**Problem details**
Somewhere below are a line with "A lot of this" and a later line with "So here are". Output exactly those lines and all lines between them.
[Records for this task]
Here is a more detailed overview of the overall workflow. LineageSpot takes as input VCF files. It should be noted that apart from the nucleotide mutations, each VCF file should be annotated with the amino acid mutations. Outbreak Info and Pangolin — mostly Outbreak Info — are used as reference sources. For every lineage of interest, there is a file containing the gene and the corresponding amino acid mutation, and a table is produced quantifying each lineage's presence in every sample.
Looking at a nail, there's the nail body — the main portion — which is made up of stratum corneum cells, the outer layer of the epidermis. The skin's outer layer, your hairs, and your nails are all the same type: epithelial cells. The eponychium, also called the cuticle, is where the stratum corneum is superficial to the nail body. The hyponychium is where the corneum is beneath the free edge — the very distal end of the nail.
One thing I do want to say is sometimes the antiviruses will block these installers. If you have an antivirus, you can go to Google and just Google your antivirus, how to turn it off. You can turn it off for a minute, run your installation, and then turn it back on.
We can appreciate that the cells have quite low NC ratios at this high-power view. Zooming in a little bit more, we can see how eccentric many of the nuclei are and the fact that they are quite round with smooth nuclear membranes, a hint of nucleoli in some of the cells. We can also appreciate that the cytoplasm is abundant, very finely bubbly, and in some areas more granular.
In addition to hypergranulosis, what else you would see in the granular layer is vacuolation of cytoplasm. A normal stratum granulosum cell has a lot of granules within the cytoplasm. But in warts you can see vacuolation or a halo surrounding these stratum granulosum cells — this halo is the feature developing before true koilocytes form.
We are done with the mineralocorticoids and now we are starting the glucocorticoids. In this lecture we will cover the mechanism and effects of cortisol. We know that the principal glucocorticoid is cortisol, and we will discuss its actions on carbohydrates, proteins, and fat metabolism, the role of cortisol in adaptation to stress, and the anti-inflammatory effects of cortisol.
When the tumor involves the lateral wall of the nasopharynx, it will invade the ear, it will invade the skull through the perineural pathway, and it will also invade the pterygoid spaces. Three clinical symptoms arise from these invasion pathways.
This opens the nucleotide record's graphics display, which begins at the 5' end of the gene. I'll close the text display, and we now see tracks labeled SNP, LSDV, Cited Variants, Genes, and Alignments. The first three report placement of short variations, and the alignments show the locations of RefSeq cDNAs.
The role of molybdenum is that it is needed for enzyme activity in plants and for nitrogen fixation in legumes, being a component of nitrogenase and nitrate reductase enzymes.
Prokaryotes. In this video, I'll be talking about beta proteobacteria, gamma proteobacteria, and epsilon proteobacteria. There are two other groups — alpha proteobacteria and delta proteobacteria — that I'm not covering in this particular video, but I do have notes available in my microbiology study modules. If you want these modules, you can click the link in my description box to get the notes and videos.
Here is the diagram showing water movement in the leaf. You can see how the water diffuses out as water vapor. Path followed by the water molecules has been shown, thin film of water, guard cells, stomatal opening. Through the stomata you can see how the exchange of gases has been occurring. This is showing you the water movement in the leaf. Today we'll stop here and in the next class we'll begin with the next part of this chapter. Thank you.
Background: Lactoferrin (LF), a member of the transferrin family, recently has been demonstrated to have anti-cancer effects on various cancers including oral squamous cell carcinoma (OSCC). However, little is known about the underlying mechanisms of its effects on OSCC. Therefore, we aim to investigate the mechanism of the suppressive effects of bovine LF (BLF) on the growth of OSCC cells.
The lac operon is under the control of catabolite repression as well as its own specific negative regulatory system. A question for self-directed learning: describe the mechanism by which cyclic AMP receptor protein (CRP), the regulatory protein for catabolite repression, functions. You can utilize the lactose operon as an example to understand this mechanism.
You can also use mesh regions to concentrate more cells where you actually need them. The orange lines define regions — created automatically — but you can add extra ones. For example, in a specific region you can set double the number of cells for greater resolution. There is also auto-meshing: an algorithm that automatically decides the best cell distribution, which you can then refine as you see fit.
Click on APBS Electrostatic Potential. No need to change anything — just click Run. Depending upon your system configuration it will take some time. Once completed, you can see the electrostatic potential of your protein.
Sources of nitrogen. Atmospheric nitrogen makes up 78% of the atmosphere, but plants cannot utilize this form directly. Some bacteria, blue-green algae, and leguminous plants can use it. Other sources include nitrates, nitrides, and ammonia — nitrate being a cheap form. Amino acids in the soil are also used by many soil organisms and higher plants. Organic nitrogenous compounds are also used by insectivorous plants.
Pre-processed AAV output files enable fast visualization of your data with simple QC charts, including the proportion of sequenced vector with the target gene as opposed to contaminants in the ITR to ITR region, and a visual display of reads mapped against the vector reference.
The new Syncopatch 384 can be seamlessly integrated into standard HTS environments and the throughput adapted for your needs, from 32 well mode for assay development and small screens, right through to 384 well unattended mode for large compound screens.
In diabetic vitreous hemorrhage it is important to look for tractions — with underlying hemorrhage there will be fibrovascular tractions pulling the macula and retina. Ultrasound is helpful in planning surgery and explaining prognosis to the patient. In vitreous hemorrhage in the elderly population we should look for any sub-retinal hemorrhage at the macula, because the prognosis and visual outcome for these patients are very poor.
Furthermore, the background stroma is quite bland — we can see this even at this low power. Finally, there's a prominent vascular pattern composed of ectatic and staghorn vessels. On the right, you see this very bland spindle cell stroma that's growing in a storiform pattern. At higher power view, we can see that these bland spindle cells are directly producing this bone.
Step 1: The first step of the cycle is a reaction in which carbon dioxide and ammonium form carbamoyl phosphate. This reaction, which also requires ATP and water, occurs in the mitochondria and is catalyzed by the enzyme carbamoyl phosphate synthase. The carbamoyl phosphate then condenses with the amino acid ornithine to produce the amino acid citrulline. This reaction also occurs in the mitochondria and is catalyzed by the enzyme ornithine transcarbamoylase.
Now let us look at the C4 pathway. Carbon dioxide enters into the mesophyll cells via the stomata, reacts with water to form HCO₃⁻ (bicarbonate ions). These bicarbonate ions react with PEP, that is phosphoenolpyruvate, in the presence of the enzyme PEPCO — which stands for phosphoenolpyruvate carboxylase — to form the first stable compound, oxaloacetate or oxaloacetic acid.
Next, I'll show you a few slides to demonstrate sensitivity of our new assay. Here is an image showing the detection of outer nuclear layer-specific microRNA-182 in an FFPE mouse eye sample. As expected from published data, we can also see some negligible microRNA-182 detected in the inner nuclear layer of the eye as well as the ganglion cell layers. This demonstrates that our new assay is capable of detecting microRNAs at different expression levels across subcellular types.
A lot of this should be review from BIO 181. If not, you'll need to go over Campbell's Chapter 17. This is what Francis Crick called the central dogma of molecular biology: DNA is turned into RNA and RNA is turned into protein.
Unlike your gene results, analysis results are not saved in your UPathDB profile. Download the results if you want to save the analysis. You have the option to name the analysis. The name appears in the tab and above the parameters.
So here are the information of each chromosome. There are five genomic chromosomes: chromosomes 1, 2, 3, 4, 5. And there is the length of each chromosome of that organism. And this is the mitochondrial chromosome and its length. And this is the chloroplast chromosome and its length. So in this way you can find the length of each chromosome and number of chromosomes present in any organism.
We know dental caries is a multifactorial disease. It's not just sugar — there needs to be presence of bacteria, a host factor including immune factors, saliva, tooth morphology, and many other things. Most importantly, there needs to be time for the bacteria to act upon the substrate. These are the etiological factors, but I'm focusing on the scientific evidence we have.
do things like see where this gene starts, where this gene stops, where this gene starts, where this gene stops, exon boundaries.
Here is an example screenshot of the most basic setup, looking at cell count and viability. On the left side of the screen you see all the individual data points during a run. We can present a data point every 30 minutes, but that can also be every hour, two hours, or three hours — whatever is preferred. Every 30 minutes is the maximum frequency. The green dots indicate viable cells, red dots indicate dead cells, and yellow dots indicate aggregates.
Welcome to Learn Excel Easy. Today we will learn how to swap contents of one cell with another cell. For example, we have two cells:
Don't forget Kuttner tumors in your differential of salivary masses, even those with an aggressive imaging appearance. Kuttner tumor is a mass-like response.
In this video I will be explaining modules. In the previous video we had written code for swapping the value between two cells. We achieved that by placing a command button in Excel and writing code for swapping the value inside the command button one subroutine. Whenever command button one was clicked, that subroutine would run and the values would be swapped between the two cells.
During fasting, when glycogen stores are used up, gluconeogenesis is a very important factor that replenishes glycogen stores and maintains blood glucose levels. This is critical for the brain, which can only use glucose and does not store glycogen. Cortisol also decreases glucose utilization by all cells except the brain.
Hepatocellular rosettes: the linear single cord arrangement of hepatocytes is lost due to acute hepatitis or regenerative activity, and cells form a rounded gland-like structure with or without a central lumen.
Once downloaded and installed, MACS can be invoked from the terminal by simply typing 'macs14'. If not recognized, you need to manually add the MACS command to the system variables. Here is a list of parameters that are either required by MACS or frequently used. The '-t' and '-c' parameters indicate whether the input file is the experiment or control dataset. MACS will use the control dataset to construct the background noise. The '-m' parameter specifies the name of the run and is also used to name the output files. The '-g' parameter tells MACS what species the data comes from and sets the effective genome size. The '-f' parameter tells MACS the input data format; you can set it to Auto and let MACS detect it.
[/Records for this task]
**Reply to the task**
A lot of this should be review from BIO 181. If not, you'll need to go over Campbell's Chapter 17. This is what Francis Crick called the central dogma of molecular biology: DNA is turned into RNA and RNA is turned into protein.
Unlike your gene results, analysis results are not saved in your UPathDB profile. Download the results if you want to save the analysis. You have the option to name the analysis. The name appears in the tab and above the parameters.
So here are the information of each chromosome. There are five genomic chromosomes: chromosomes 1, 2, 3, 4, 5. And there is the length of each chromosome of that organism. And this is the mitochondrial chromosome and its length. And this is the chloroplast chromosome and its length. So in this way you can find the length of each chromosome and number of chromosomes present in any organism.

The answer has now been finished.